In some examples, the computer implemented method also includes calibrating the projection weights to balance both: (1) projected population data of the panel relative to observed population data of the geographic region; and (2) the potential spending of the households of interest at the retailer relative to observed sales data of the retailer. In some examples, the computer implemented also includes calculating potential sales of the retailer based on the potential spending of the households of interest and the projection weights. In some examples, the computer implemented method also includes calculating a projected number of households in the geographic region sharing a same demographic attribute based on the combined panel data and the projection weights. In some examples, the computer implemented method also includes identifying an observed number of households in the geographic region sharing the same demographic attribute. In some examples, the computer implemented method also includes aligning values of the potential sales of the retailer to values of observed sales of the retailer in connection with satisfaction of a first threshold value. In some examples, the computer implemented method also includes aligning the projected number of households to the observed number of households in connection with satisfaction of a second threshold value.
In some examples, the computer implemented method also includes calibrating the potential spending at the one or more stores to balance potential data associated with the one or more stores and the geographic region relative to observed data. In some examples, the computer implemented method also includes calculating potential sales of the one or more stores based on the potential spending of the households of interest and other potential spending of other households in the geographic region. In some examples, the computer implemented method also includes calculating potential expenditures of regions of interest in which the households of interest and the other households are located based on the potential spending. In some examples, the computer implemented method includes aligning the potential sales to observed sales of the one or more stores in connection with satisfaction of a first threshold value. In some examples, the computer implemented method includes aligning the potential expenditures to respective observed expenditures of the regions of interest in connection with satisfaction of a second threshold value. In some examples, the computer implemented method also includes selecting a first elasticity value or second elasticity value of a Huff model to enable the modeling engine to calculate, via the Huff model, potential sales that align to the observed sales prior to calibrating the potential spending.

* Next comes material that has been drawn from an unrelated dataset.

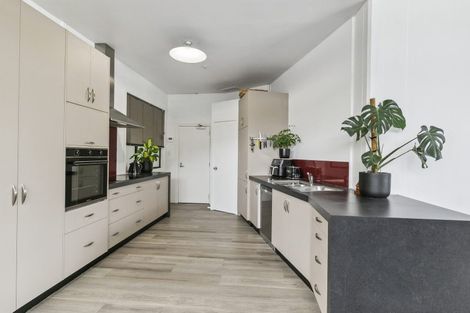 Photo of property in Endeavour Apartments, 18/125u Thorndon Quay, Pipitea, Wellington, 6011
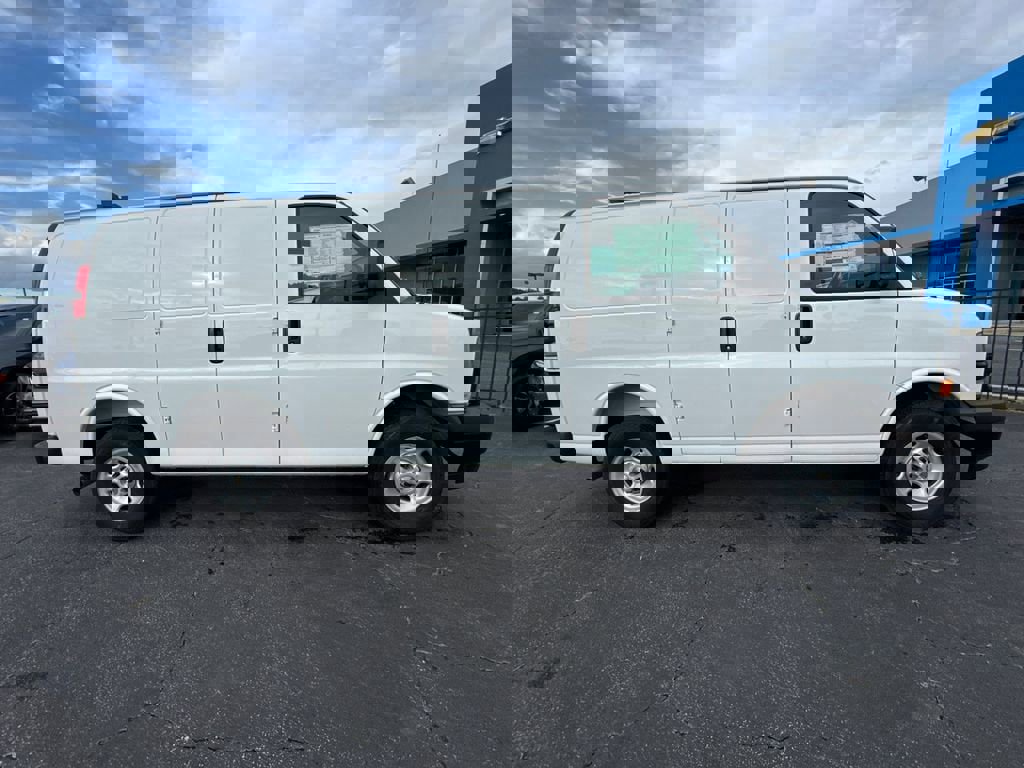 New 2025 Chevrolet Express 3500 w/ Driver Convenience Package RWD image 5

An example tangible machine-readable storage medium disclosed herein comprises instructions which, when executed, cause a processor to identify a retailer in a geographic region indicative of shopping bias. In some examples, the instructions also cause the processor to identify households of interest in the geographic region having combined panel data. The combined panel data represents core panelist data and auxiliary data. In some examples, the instructions also cause the processor to calculate potential spending of the households at one or more stores of the retailer. The potential spending based on observed spending data. In some examples, the example instructions also cause the processor to calculate projection weights for the combined panel data based on (a) the potential spending at the one or more stores and (b) demographic representation data of the combined panel data.
In some examples, the example instructions also cause the processor to calibrate the projection weights to balance both: (a) projected population data of the panel relative to observed population data of the geographic region; and (b) the potential spending of the households of interest at the retailer relative to observed sales data of the retailer.
Claims
1. An apparatus to reduce panel imbalance errors, the apparatus comprising:
- a data analyzer to: identify a retailer in a geographic region indicative of shopping bias; and identify households of interest in the geographic region having combined panel data, the combined panel data representing core panelist data and auxiliary data;
- a modeling engine to calculate potential spending of the households at one or more stores of the retailer, the potential spending based on observed spending data; and
- a projection engine to reduce panel imbalance errors by calculating projection weights for the combined panel data based on (a) the potential spending at the one or more stores and (b) demographic representation data of the combined panel data.
2. The apparatus as defined in claim 1, wherein the data analyzer is to identify the retailer based on the one or more stores having members associated with at least one of the core panelist data or the auxiliary data participating in a loyalty program.
3. The apparatus as defined in claim 2, wherein the data analyzer is to identify the retailer by comparing a banner share associated with the retailer to a threshold value, the banner share based on observed sales of the retailer and other retailers in the geographic region.
4. The apparatus as defined in claim 2, wherein the data analyzer is to identify the retailer by comparing a footprint associated with the retailer to a threshold value, the footprint based on a number of the households of interest exposed to the retailer and a total number of households in the geographic region.
5. The apparatus as defined in claim 1, further including a calibration engine to calibrate the projection weights to balance both: (a) projected population data of the panel relative to observed population data of the geographic region; and (b) the potential spending of the households of interest at the retailer relative to observed sales data of the retailer.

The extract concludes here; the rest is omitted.